§ Information shown:
--

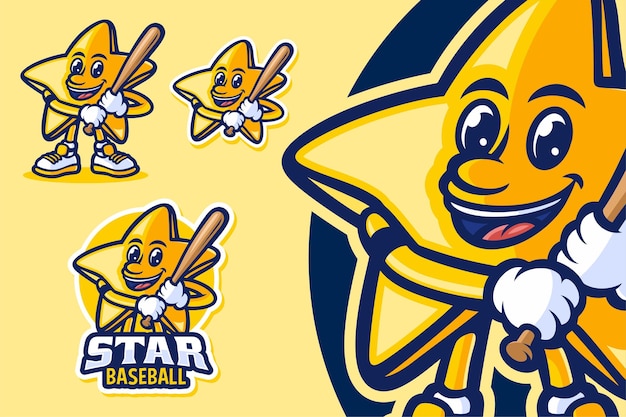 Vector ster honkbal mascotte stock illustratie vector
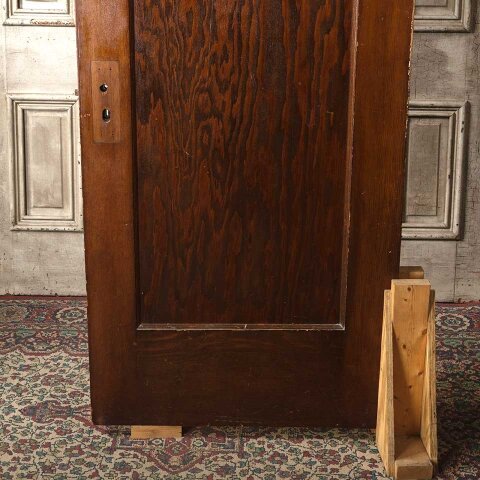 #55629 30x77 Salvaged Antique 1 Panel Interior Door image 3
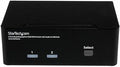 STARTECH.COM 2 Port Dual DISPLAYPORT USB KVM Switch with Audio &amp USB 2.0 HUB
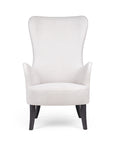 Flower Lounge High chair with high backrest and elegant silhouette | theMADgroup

--

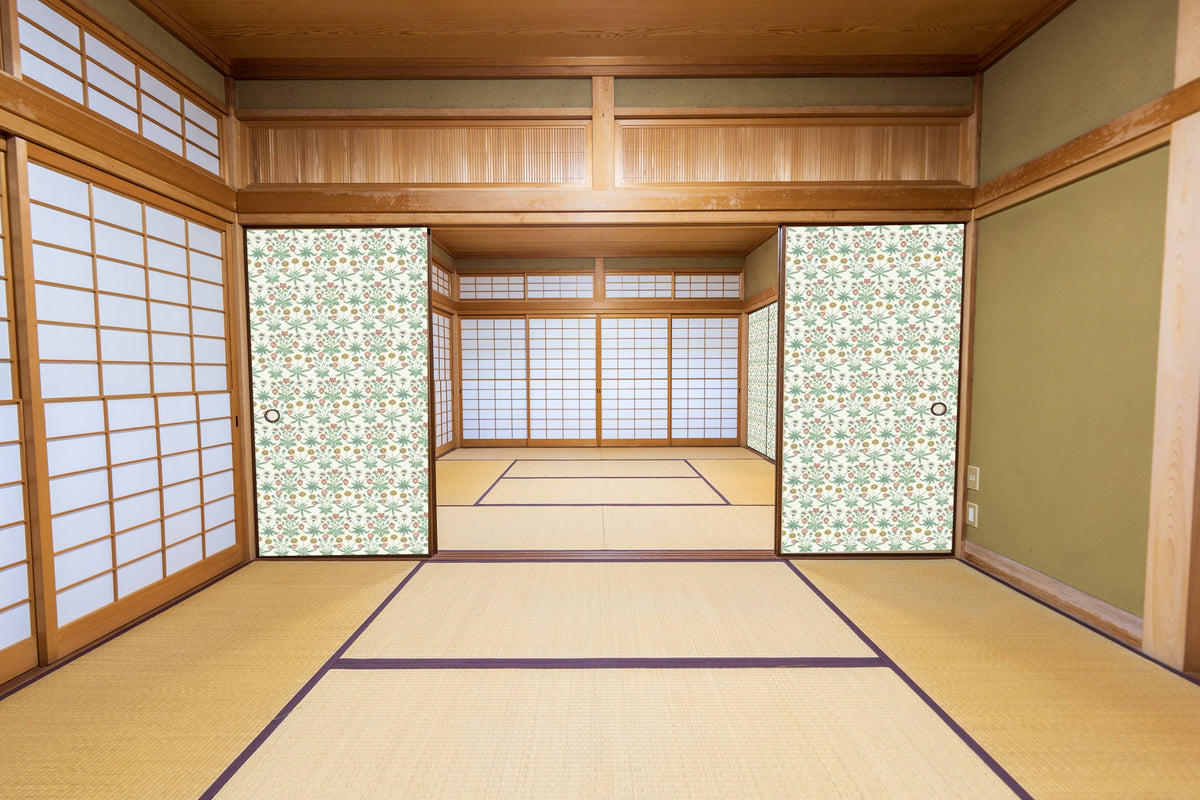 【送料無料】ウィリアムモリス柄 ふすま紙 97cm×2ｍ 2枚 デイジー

--

No picture is to be printed. Output exactly the lines above from the line containing "Vector ster honkbal" through the line containing "Flower Lounge High".

 Vector ster honkbal mascotte stock illustratie vector
 #55629 30x77 Salvaged Antique 1 Panel Interior Door image 3
 STARTECH.COM 2 Port Dual DISPLAYPORT USB KVM Switch with Audio &amp USB 2.0 HUB
 Flower Lounge High chair with high backrest and elegant silhouette | theMADgroup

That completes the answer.